Zielgruppengerechte Bildsprache
Vielfaeltige Bevölkerungsgruppen sehen diese Videos. Die Bildsprache sollte divers und inklusiv sein, verschiedene Lebensformen und Hintergruende repraesentieren und niemanden ausschliessen.
Häufige Fragen zu Erklärvideos für die Sozialversicherung
Ja. Untertitel koennen als eingebrannte Untertitel (hard-coded) oder als separate SRT-Datei geliefert werden, die auf YouTube und anderen Plattformen eingebunden werden kann. Wir empfehlen SRT-Dateien für maximale Flexibilitaet.

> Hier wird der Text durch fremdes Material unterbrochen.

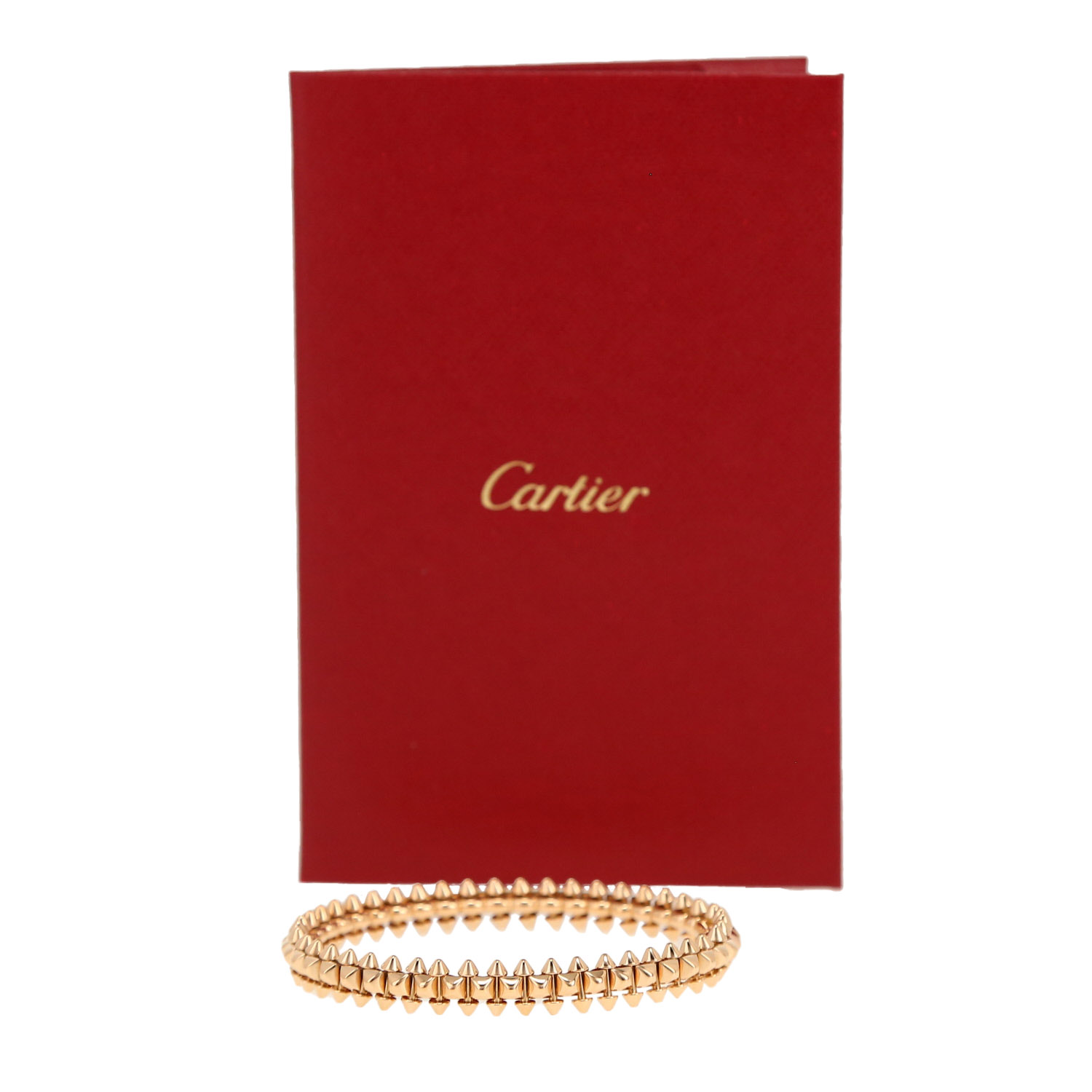 Bracelet Cartier Clash De Cartier moyen modèle en or rose - Detail D2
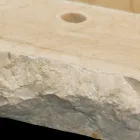 Washbasin Natural stone support Sam White, one piece Viadurini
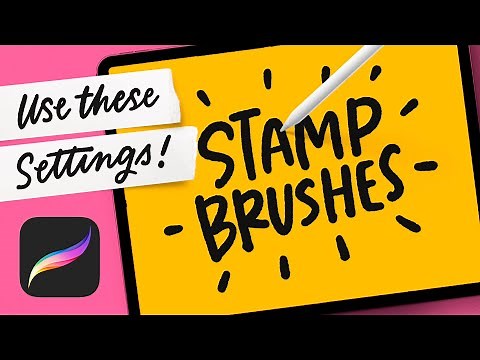 Make Sellable Stamp Brushes in Procreate (EASIER than you think!)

Ja. Für Bevölkerungsgruppen mit anderen Muttersprachen als Deutsch koennen wir Sprachversionen auf Arabisch, Tuerkisch, Russisch oder anderen Sprachen produzieren. Die Animation wird einmal erstellt, verschiedene Sprecher nehmen die Sprachversionen auf.
Bei 3DStory 3.900 EUR netto als Festpreis. Für oeffentliche Auftraggeber erstellen wir auf Wunsch Angebote nach UVgO. Lieferung in 7 Werktagen.
Ja. Wir liefern neben dem Videomaterial eine korrekte SRT-Untertiteldatei und koennen eine Audiodeskription als separate Tonspur produzieren. Für Anforderungen nach BITV 2.0 beraten wir Sie gerne im Briefing-Gespraech.